= Instructions for the task =
The goal here is an exact copy of the entries below, without their pictures.

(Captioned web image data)
= Beginning of Section =

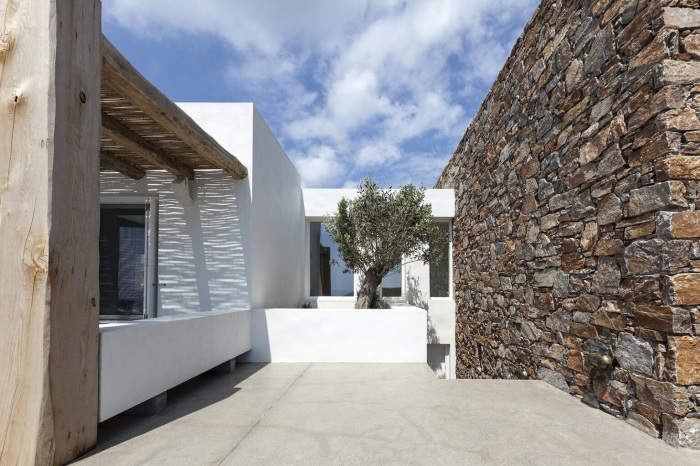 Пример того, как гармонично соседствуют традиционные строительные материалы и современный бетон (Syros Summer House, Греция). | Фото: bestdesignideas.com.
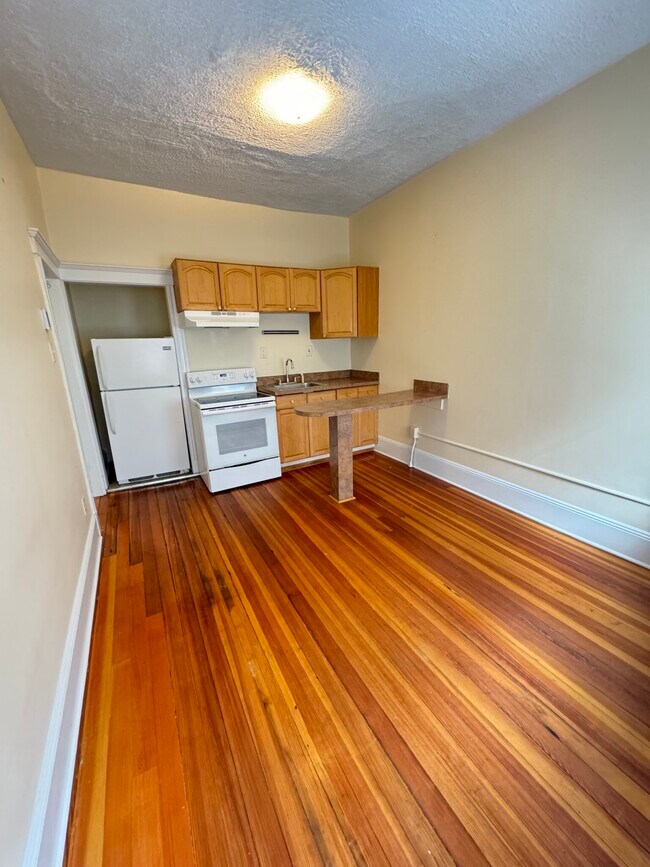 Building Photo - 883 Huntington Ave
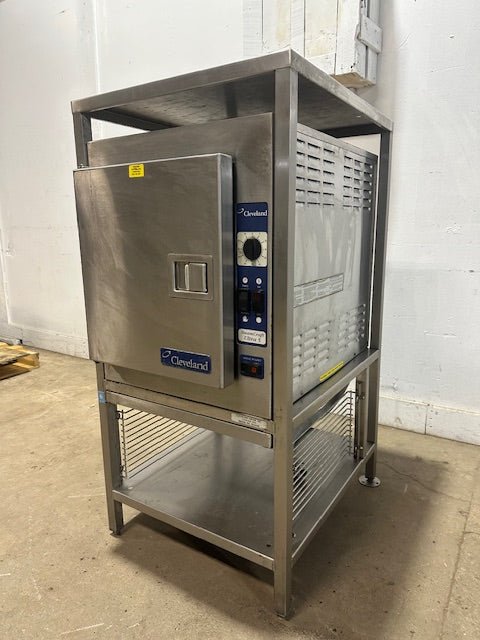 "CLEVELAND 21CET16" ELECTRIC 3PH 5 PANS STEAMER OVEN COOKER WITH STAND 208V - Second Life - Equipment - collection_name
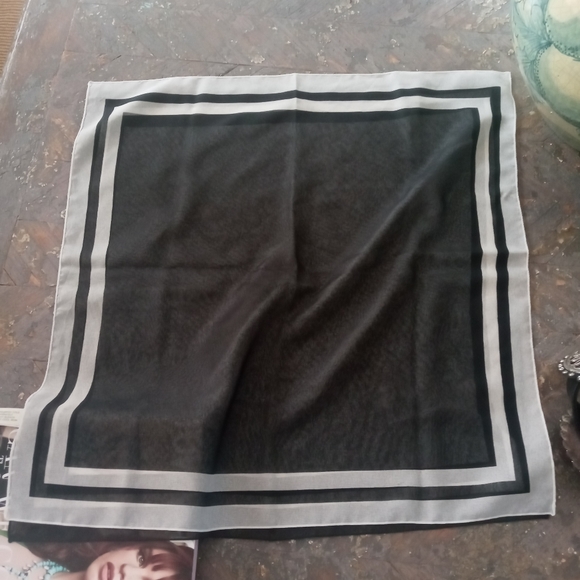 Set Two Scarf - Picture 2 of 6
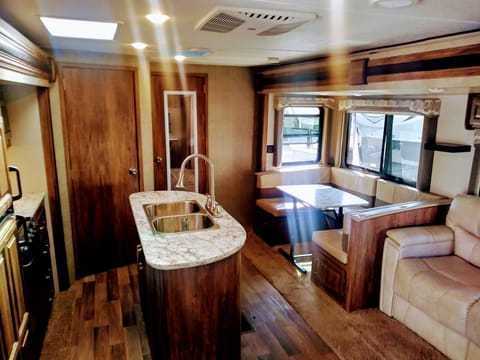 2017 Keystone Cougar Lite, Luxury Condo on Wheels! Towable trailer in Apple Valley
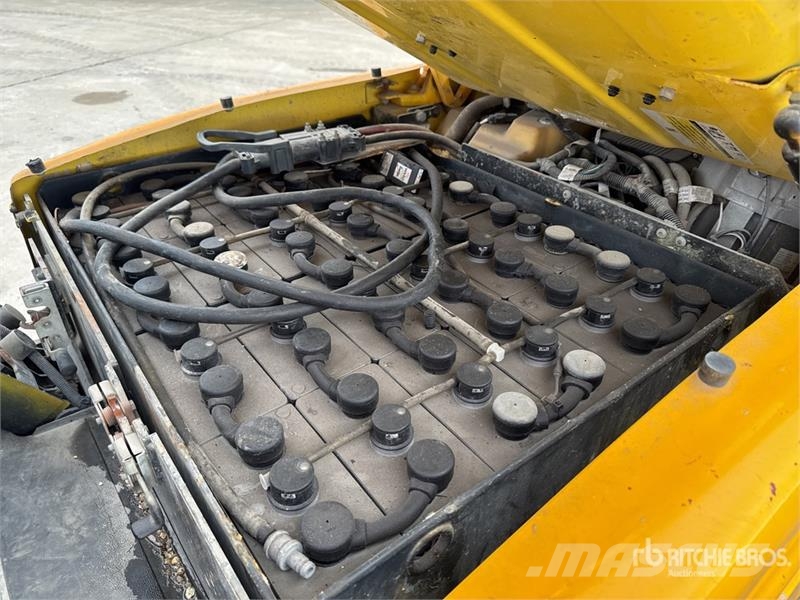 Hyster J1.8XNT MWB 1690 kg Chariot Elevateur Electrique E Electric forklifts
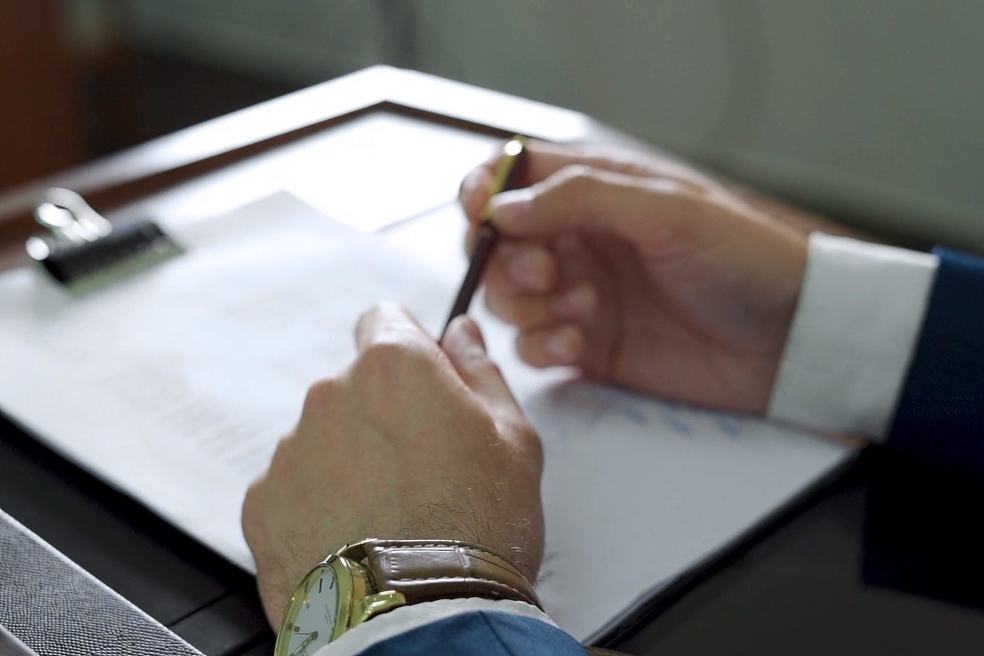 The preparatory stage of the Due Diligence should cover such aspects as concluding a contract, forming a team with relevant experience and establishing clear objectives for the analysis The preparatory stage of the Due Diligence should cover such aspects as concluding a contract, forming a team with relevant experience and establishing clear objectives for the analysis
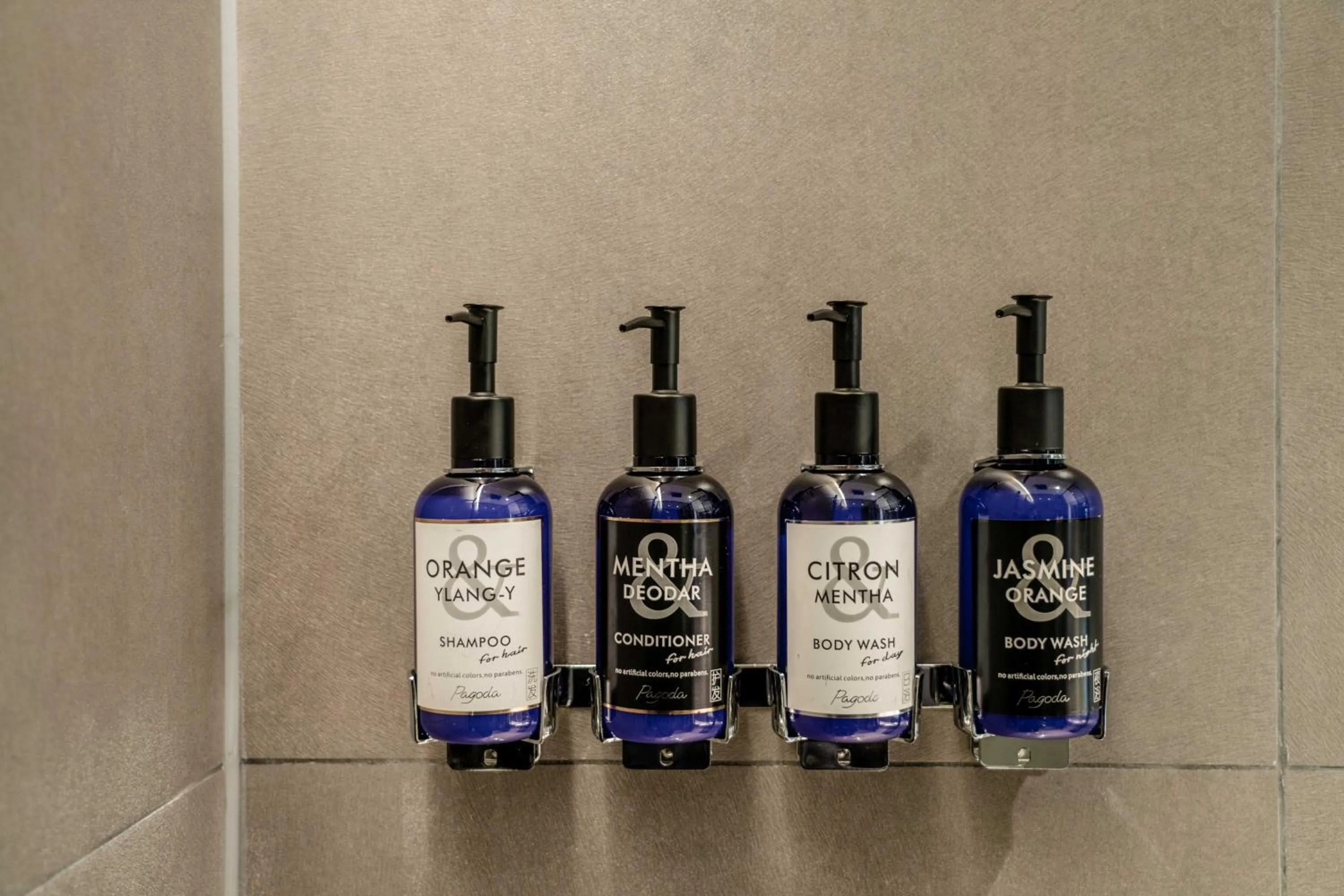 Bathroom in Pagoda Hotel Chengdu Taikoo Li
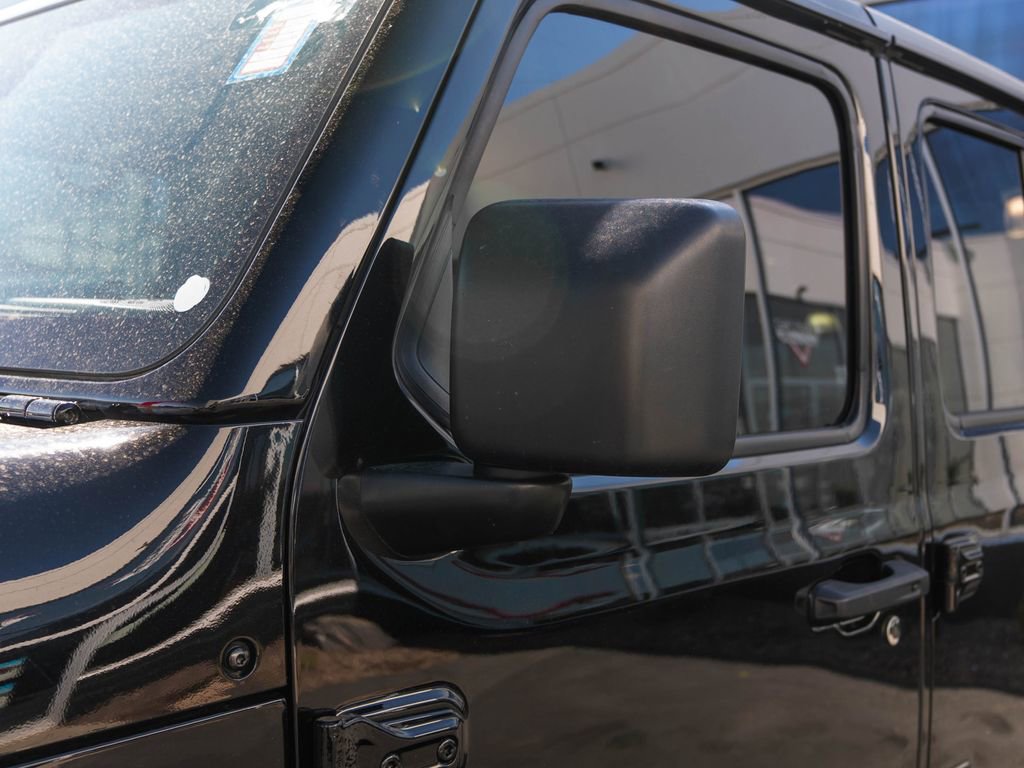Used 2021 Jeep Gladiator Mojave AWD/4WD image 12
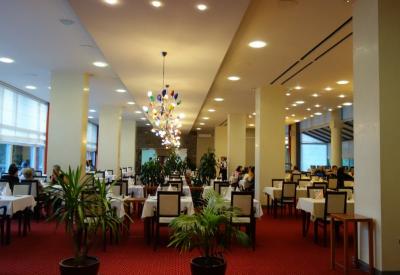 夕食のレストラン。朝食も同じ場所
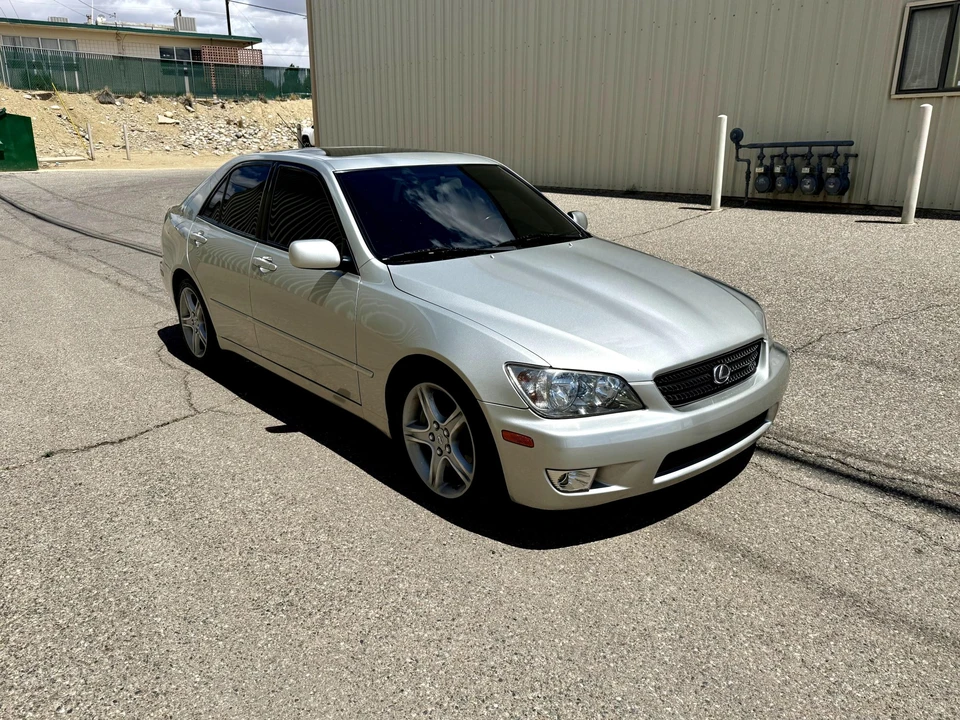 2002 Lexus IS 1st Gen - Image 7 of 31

= End of Section =

= Exercise output =
 Пример того, как гармонично соседствуют традиционные строительные материалы и современный бетон (Syros Summer House, Греция). | Фото: bestdesignideas.com.
 Building Photo - 883 Huntington Ave
 "CLEVELAND 21CET16" ELECTRIC 3PH 5 PANS STEAMER OVEN COOKER WITH STAND 208V - Second Life - Equipment - collection_name
 Set Two Scarf - Picture 2 of 6
 2017 Keystone Cougar Lite, Luxury Condo on Wheels! Towable trailer in Apple Valley
 Hyster J1.8XNT MWB 1690 kg Chariot Elevateur Electrique E Electric forklifts
 The preparatory stage of the Due Diligence should cover such aspects as concluding a contract, forming a team with relevant experience and establishing clear objectives for the analysis The preparatory stage of the Due Diligence should cover such aspects as concluding a contract, forming a team with relevant experience and establishing clear objectives for the analysis
 Bathroom in Pagoda Hotel Chengdu Taikoo Li
Used 2021 Jeep Gladiator Mojave AWD/4WD image 12
 夕食のレストラン。朝食も同じ場所
 2002 Lexus IS 1st Gen - Image 7 of 31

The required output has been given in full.